What led the narrator’s previously happy marriage to this impasse? Alone at the hotel, she has plenty of time to think about the complexity of marital relationships and the undefined borders that result when a marriage ends. Despite everything that has happened between her and Christopher, she still feels a pull to him. She wonders how he will react when he sees her. Will he be apprehensive or hopeful? She explores the cruel gap between naive expectation at the beginning of a relationship and reality of living with another person long term. The end of her marriage makes her see the depth that aging and experience add to our perspective. She examines the roles of the mother, the wife, the mistresses in her husband’s life. As more information about Christopher’s life becomes known, she notices how “experience accumulated in haphazard places, the wrong bits of knowledge residing with the wrong parties.” In her interactions with others, the unspoken social rules where “we pretend we do not know what we in fact do know” come into play. She’s hyper aware of the illusions we uphold for the sake of others and ourselves. When the nature of her separation changes, all the pretending gets to be too much. She tries to properly portray her roles, but she second guesses her reactions and feels guilty for not behaving correctly.

At the time, I was like any young person looking at an old person—even if I was not that young, and nor was Christopher—and like any person who cannot believe that they will grow old, much less die, I could not believe that our marriage could become like [my in-law’s] marriage, much less fall apart completely….[Their marriage] might have been a terrible marriage, built on betrayal—although what was really meant by the word terrible, there were betrayals that looked unforgivable from the outside and that were nonetheless forgiven, and there were forms of intimacy that looked nothing like the name—but it was nonetheless a marriage. Whereas mine had ended….One of the problems of happiness—and I’d been very happy, when Christopher and I were first engaged—is that it makes you both smug and unimaginative.

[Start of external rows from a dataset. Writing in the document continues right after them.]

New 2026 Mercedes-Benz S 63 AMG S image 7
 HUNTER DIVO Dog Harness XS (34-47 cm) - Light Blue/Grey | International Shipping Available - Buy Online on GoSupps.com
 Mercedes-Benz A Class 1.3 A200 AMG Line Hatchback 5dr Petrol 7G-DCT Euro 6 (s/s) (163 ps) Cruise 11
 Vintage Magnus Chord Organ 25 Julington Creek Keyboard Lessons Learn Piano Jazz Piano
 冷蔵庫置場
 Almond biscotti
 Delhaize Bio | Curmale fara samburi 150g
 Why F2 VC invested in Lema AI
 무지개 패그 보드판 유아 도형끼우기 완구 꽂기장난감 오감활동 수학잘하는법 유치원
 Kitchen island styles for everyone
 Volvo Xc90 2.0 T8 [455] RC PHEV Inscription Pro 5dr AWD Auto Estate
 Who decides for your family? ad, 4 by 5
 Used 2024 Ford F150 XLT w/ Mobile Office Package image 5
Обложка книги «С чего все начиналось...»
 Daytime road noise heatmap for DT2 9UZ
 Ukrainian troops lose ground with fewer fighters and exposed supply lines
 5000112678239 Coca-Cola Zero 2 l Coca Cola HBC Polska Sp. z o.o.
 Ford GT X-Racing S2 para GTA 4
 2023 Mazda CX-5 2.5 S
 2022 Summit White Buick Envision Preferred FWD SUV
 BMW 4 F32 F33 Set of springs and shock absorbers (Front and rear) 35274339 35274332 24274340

In A Separation, things the narrator thought could never happen when she first met her husband actually occur. The telling was too cold and cerebral for my tastes, but it was a well-written look into the disintegration of a marriage. Many elements reminded me of other literary tales that feature dysfunctional marriages: The Diver’s Clothes Lie Empty (woman travels to exotic locale after husband’s betrayals, mostly in her head), Fates and Furies (ruminations on marriage), The Dinner (intellectual feel, uncomfortable observances), Listen to Me (tense atmosphere of a mystery, but actually a story about marriage).